A Time Series is stationary if it's properties do not depend on time, that is, it's properties do not change in time. But, what are the properties of a time series? Basically we could consider two main components: it's mean $\mu$ and it's variance $\sigma^2$. Thus, it is natural to think that time series with trends or with seasonality are not stationary because when the values increases so the mean and when there is seasonality the values in a given period depend on the time period.

Now, how could one control the $\mu$ and the $\sigma^2$ of a time series? Remember that a logarithmic transformation smooth values. For example, on a normal scale two is 48 units away from fifty, but in logarithmic scale they are just 3.2 units aways. Therefore, to stabilise the variance the logarithmic transformation is helpful.

Regarding the mean, think about what is happening when you have an upward/downward trend? The value at a future time $y_{t+1}$ is greater/lower than the current value $y_{t}$. Thus, if we substract the actual value from the future value $y_{t+1} - y_{t}$ we remove the change in the level of the time series, in this way we help stabilise the mean. This procedure is called differencing and it also applies to seasons, that is,

$$y_{t}' = y_{t} - y_{t-m}$$

where $m$ is the number of seasons or the lag $m$ because we substract the observation after a lag of $m$ periods. In R, the functions ndiffs and nsdiffs let you determine the number of first differences and seasonal differences to apply respectively. ndiffs work by running a sequence of KPSS tests until the series is stationary.

G. Unit Root tests

When dealing with time series a common task is to determine the form of the trend in the data. In this way, Unit Root tests are used to determine how to deal with treading data. In other words, they determine if data should be first differencing

For example the ADF tests allow us to determine the order or integration $k$ in a process $I(k)$ by testing the null hypothesis $H_{0}$ of non-stationarity until the data is stationarity. That is, if we reject the null we first difference the time series and perform the ADF until the data is stationary.

or regressed on deterministic functions of time to render the data stationary.
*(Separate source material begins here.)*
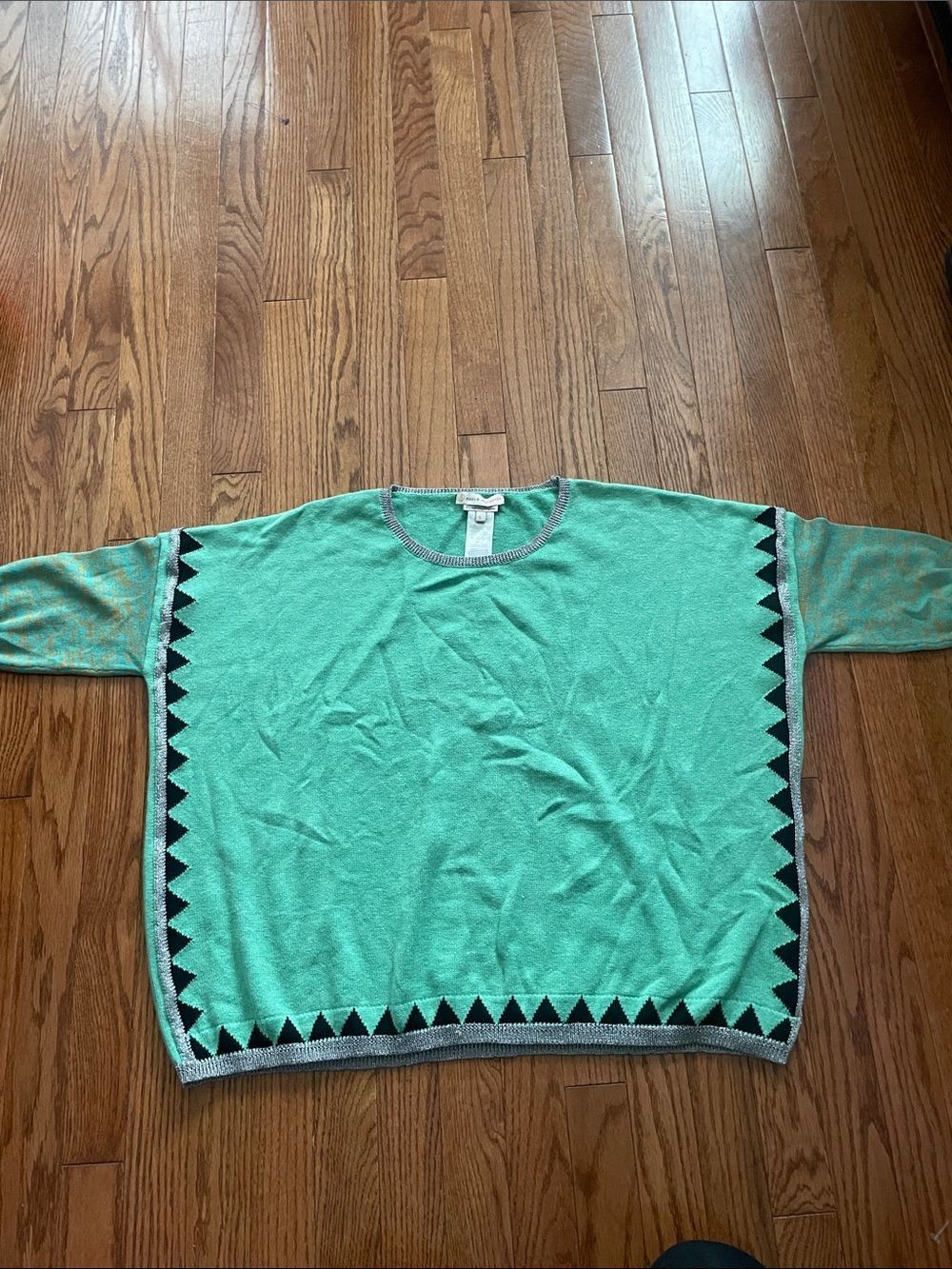 Anthropologie Paul & Joe Sister Light Green Sweater Women’s Sz Large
To this end it is crucial to specify the null and alternative hypothesis appropriately to characterize the trend properties of the data.

G.1 Specifying the null and alternative hypothesis

The trend properties of the data under the alternative hypothesis determines the form of the test regression to perform. There are two common cases:

Constant Trend. This formulation is suitable for non-trending time series. Considering $y_{t}$ a time series and an autoregressive model with one parameter $AR(1)$, the test regression is

$$ y_{t} = c + \phi y_{t-1} + \epsilon_{t} $$

and the corresponding hypothesis are

$$H_{0} : : y_{t} \sim I(1) :: \text{without drift} \\ H_{1} : : y_{t} \sim I(0) :: \text{with non-zero mean} $$

where $I(k)$ is a process of integrated order $k$.

Constant and Time trend.

In this case, we will incorporate a deterministic time trend parameter to the test regression to capture the deterministic trend under the alternative.
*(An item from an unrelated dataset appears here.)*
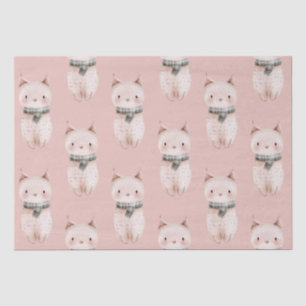 Blush Pink Cat Birthday  Tissue Paper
$$y_{t} = c + \delta t + \phi y_{t-1} + \epsilon_{t}$$

The corresponding hypothesis test are

$$H_{0} : : y_{t} \sim I(1) :: \text{with drift} \\ H_{1} : : y_{t} \sim I(0) :: \text{with deterministic trend} $$

Thus, this formulation is appropriate for trending time series.
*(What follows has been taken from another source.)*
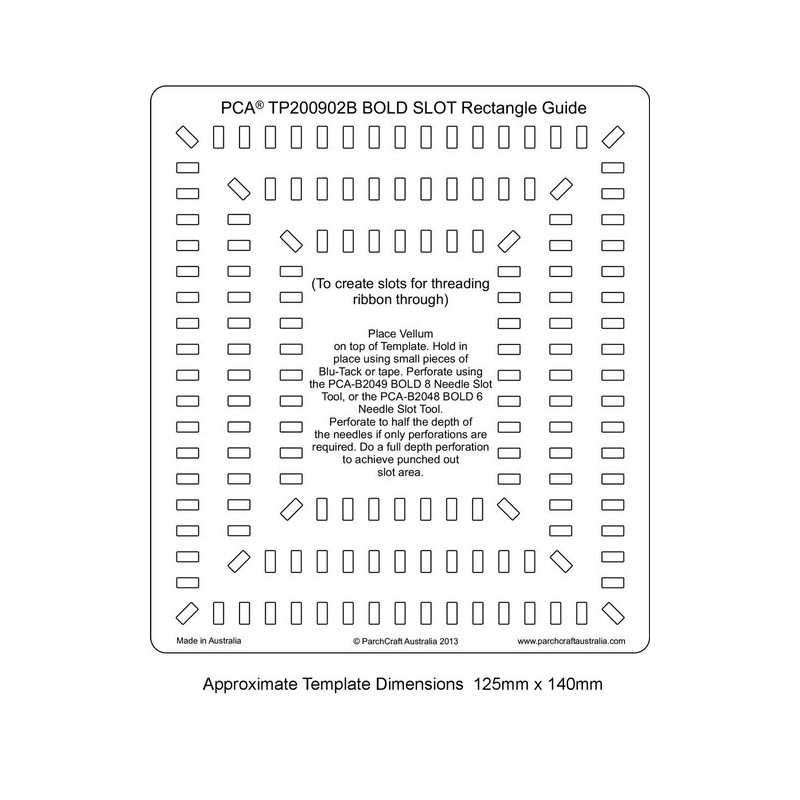 (PCA-TP200902)BOLD Slot Rectangle Guide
G.2 Augmented Dicker-Fuller Test

The prior methods consider a simple $AR(1)$ model. In order to consider a moving average structure, that is, an ARMA structure, the ADF is based on the following test statistic.

$$y_{t} = \beta^{'}D_{t} + \phi y_{t-1} + \sum_{j=1}^{p}\psi_{j}:\Delta y_{t-j} + \epsilon_{t},$$

where $p$ are the lagged difference terms and the error term $\epsilon_{t}$ is assumed to be homoskedastic and serially uncorrelated. So, the ADF test tests the null hypothesis that a time series $y_{t}$ is $I(1)$ against the alternative that it is $I(0)$.

G.3 Phillips-Perron test

The Phillips-Perron test differs from the ADF by ignoring the serial correlation in the errors and by assuming that they may be heteroskedastic. The test regression is

$$\Delta y_{t} = \beta^{'}D_{t} + \pi y_{t-1} + \epsilon_{t}$$

and compared to the ADF test, the error term $\epsilon_{t}$ is robust to general forms of heteroskedasticity.

H. Stationary tests

We've seen that unit root test test the null hypothesis that the time series $y_{t}$ is $I(1)$. By contrast, stationarity tests test for the null that $y_{t}$ is $I(0)$.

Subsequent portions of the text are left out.